Phert Em, previously general manager of Bar Amá, originally called her pop-ups “L.A. Cambodian food,” adapting Khmer dishes she learned from her family to her own taste and experience. Em has continued to push herself to conceive weekly menus — maybe lort cha (short rice noodles stir-fried with vegetables) or oxtail stew scented with Thai basil and sweet spices, or maybe a first-of-the-season stone fruit salad with fermented black crab vinaigrette. In addition to coursed menus for delivery, check Khemla’s Instagram page for her pop-up collaborations around town.

Kuya Lord

The combinations of roasted chicken, fried pork belly stacked in neat rectangles, jumbles of prawns in crab sauce, garlic rice and noodles that Lord Maynard Llera prepares for weekend pickups in La Cañada Flintridge come arrayed on trays that channel the spirit of kamayan, the communal meals spread on banana leaves and eaten by hand. This is food of power and finesse and profound delight.
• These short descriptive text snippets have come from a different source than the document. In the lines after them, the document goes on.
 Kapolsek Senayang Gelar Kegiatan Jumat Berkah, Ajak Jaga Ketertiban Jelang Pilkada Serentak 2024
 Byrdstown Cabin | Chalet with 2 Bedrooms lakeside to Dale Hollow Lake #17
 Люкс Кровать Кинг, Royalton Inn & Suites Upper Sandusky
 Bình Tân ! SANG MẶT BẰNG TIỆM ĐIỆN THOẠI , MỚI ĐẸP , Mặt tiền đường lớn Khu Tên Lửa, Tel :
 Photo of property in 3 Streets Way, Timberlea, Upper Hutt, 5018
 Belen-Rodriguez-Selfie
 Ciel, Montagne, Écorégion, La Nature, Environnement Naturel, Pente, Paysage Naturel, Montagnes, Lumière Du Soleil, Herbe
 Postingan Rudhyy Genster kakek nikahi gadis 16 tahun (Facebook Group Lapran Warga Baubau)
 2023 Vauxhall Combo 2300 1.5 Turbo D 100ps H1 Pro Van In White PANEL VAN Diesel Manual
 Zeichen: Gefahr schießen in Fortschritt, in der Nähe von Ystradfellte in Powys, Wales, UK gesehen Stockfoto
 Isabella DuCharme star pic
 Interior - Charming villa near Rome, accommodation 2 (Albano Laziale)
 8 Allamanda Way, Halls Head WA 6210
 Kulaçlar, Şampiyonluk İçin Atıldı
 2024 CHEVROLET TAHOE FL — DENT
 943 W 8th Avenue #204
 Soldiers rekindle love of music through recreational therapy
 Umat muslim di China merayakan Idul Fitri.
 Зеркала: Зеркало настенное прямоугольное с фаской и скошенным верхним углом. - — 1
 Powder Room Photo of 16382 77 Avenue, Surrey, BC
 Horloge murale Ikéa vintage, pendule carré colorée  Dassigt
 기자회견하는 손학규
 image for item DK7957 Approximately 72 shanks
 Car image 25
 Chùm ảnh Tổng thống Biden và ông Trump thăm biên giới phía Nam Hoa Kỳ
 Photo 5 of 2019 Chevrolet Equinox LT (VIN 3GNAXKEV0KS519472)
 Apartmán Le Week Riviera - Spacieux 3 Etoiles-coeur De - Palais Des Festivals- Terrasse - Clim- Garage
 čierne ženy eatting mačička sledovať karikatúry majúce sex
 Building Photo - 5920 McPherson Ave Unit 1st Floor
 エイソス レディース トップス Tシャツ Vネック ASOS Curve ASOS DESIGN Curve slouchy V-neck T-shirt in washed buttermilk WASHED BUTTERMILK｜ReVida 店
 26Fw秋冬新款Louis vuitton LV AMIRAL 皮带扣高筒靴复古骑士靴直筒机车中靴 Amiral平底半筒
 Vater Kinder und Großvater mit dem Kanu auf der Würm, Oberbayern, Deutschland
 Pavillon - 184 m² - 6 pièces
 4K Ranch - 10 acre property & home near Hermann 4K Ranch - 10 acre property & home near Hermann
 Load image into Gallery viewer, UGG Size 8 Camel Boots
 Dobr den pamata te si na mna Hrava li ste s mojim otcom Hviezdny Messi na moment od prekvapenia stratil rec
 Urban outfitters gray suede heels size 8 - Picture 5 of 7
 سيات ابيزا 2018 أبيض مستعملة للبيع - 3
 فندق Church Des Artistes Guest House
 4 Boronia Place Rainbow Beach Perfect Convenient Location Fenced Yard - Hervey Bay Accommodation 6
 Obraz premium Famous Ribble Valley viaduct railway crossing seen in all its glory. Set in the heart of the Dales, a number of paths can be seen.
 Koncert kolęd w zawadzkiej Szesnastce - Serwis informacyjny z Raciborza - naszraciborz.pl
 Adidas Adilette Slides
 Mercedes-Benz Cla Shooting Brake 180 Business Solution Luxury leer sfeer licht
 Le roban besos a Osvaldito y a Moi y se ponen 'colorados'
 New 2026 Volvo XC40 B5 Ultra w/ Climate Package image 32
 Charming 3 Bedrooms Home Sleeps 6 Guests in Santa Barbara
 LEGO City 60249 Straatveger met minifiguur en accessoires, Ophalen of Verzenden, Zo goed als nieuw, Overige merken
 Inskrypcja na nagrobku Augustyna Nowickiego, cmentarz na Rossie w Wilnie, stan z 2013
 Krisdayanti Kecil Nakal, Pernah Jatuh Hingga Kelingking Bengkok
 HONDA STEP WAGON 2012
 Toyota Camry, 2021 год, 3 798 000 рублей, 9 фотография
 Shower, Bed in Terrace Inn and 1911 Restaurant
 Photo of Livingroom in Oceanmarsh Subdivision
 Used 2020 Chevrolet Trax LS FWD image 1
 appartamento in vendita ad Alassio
A female chef in an apron sits; in her lap is a wooden board holding one of her khachapuri
Chef Emily Efraimov, who makes khachapuris for her pop-up, Little Dacha, poses for a portrait at Malibu Fig Ranch.
(Dania Maxwell / Los Angeles Times)

Little Dacha

Khachapuri, the Georgian cheese breads that come in many forms but most famously shaped like a tapered boat with a molten hull, are a sustaining gift to humanity. Emily Efraimov bakes and delivers beautiful versions: a classic filled with feta, mozzarella and egg; a heady mix of wild mushrooms, caramelized onions, parmesan and herbs; and a particularly amazing riff of textures and flavors that combines spiced lamb, smooth labneh and green chile pickle. You want an order of the little gem herb salad on the side for lightness and contrast. Efraimov takes pre-orders two days in advance and delivers from within five miles of her Westside base. Scarf the khachapuri for lunch and have her pork shoulder pelmeni (which come frozen and are effortless to boil) for dinner.

Perilla L.A.

Jihee Kim has a mission: expanding many people’s notion of banchan, the procession of small dishes that accompanies Korean meals. In her hands, banchan is a seasonal event: Spring’s sugar snap peas, paired with apple seasoned with yuzu doenjang dressing, yield to summer squash ignited with garlic-chile oil and charred okra steeped in soy and vinegar. Her dozen or so options typically include meat-based banchan as well: chicken marinated in doenjang (fermented soybean paste), say, or thinly sliced beef soaking up gently spicy gochujang. Each banchan is remarkably light and distinct. Don’t forget a side of steamed rice.